Work instruction:
Each line in the material below, starting at the one that contains "LOUBELLA Cream /" and ending at the one that contains "Zapatos Postino Plain Toe Cognac-5", should be repeated exactly; the pictures should not.

Excerpted data:
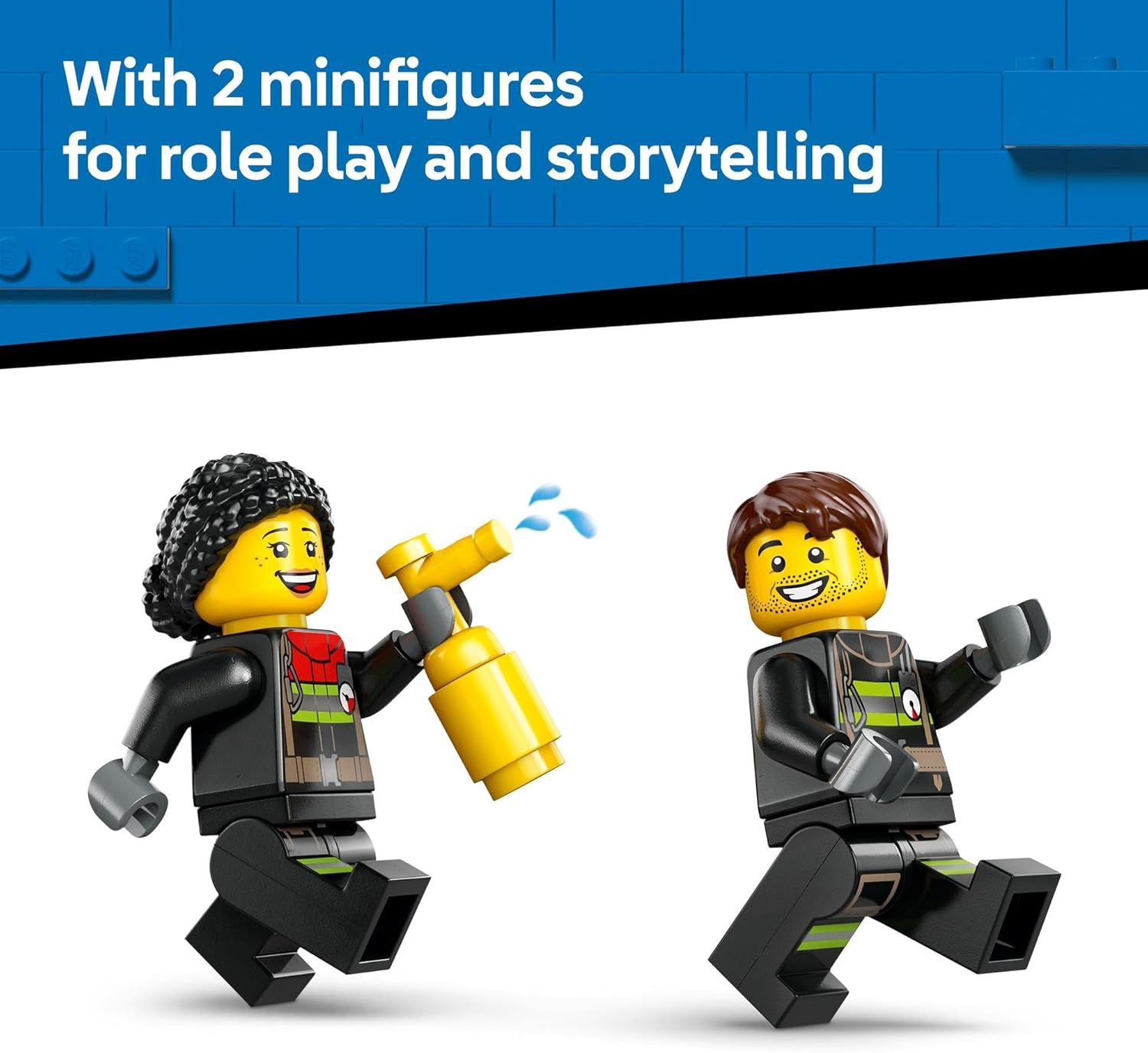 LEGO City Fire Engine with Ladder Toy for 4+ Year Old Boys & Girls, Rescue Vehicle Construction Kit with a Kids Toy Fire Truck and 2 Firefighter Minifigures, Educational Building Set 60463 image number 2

...

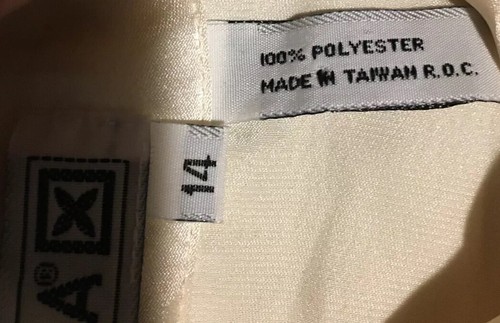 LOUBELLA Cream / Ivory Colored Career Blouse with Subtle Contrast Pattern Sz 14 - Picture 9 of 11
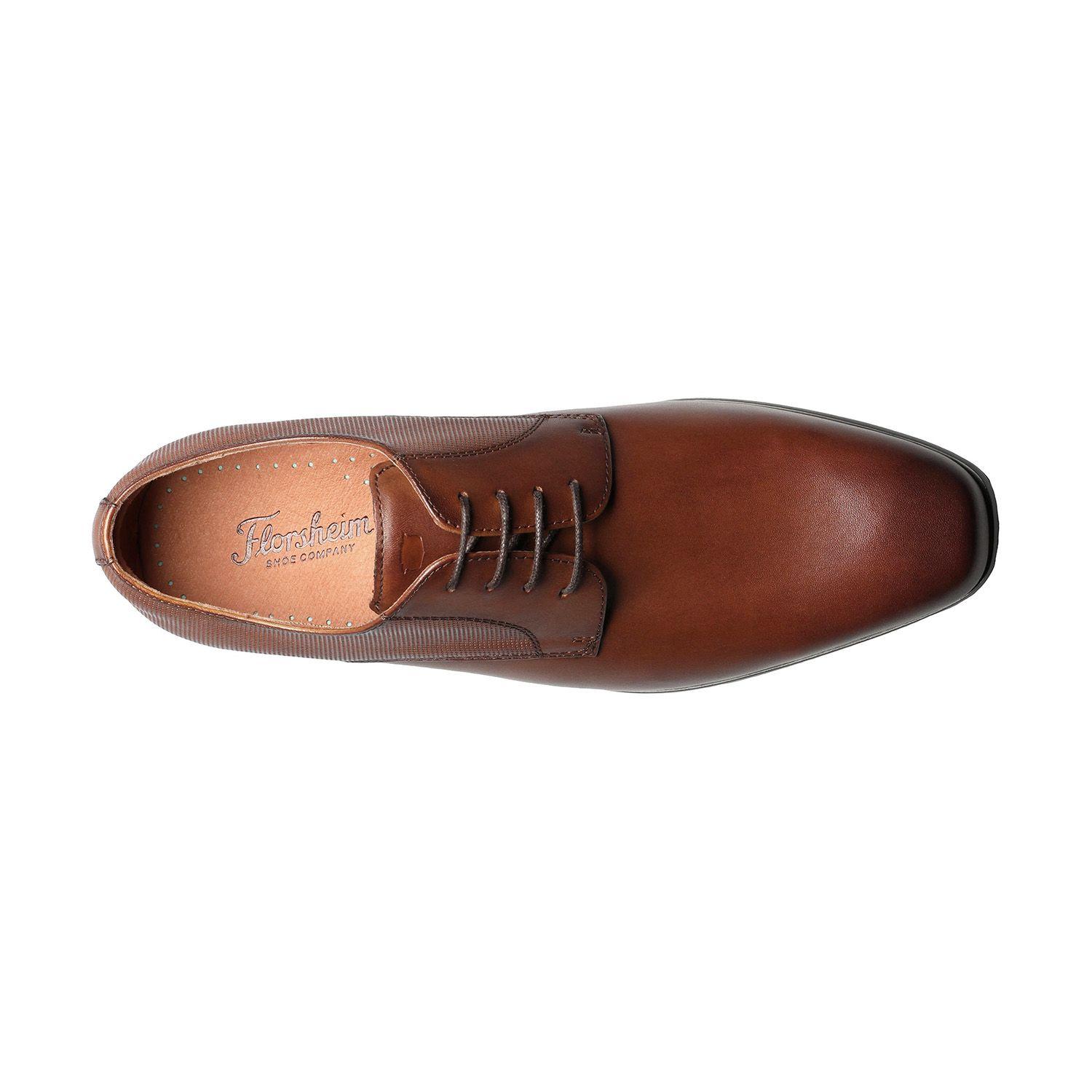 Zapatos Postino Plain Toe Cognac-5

Task output:
 LOUBELLA Cream / Ivory Colored Career Blouse with Subtle Contrast Pattern Sz 14 - Picture 9 of 11
 Zapatos Postino Plain Toe Cognac-5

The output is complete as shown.